Brutus Beefcake after being asked about his wildest plane story, didn't take long before recalling Andre The Giant making the trip one that no one would forget. Beefcake set up the story by explaining that, due to Andre’s size, using a standard airplane toilet wasn’t possible, and though the wrestler typically made sure to handle such business well before arriving at airports, a busy road trip into a long flight out of Tokyo meant he hadn’t had the opportunity to relief himself the night before. This meant the odds were higher than his own forehead that he’d have to go during the plane trip. And as Brutus Beefcake explained it, taking care of such bodily functions was easier said than done:
So, Andre, he’s up in First Class and he tells them, ‘I gotta go, I gotta go,’
and they’re like, ‘Oh my God, what are we gonna do? What can we do?’
They bring him to the back of the plane and into the area where they prepare the meals and stuff and get a big black garbage bag, and they string it up between some of those carts that they use for the drinks and everything. And so, they basically pulled the curtains and Andre goes to town. Buddy, I mean he is ripping farts.
It just sounds like they’re not human…I never heard anything like it.
The smell that started coming out from under the curtains there started coming forward. The back of the plane [back] then was where all the smokers went, so the back of the plane had a lot of people…There were people falling out of their seats, almost into the aisles. Gagging, puking, you know, crying, screaming.
And the boys we were all falling on the floor just laughing ourselves sick…It’s hysterical.

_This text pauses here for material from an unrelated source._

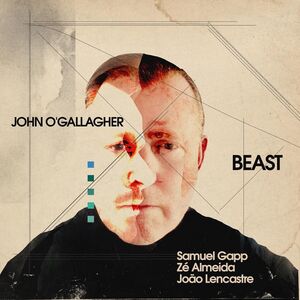 Beast [Import] , John O'Gallagher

He must’ve half-filled up a garbage bag full of sh1te…That guy weighed 600-plus pounds…he could eat twenty pounds in a sitting. You know, it’s funny, the poor flight attendants. They had towels to cover their faces, and a couple of them were puking and trying to bag up this bag of sh1te. They finally get it bagged into that, and they bag it in another bag, in another bag, and then they put it in the elevator and they sent it down to the bottom of the plane just to get it the hell out of there…He just comes walking back up to First Class, ‘Oh, give me some wine boss,’ and starts drinking and starts eating again just like he didn’t miss a beat.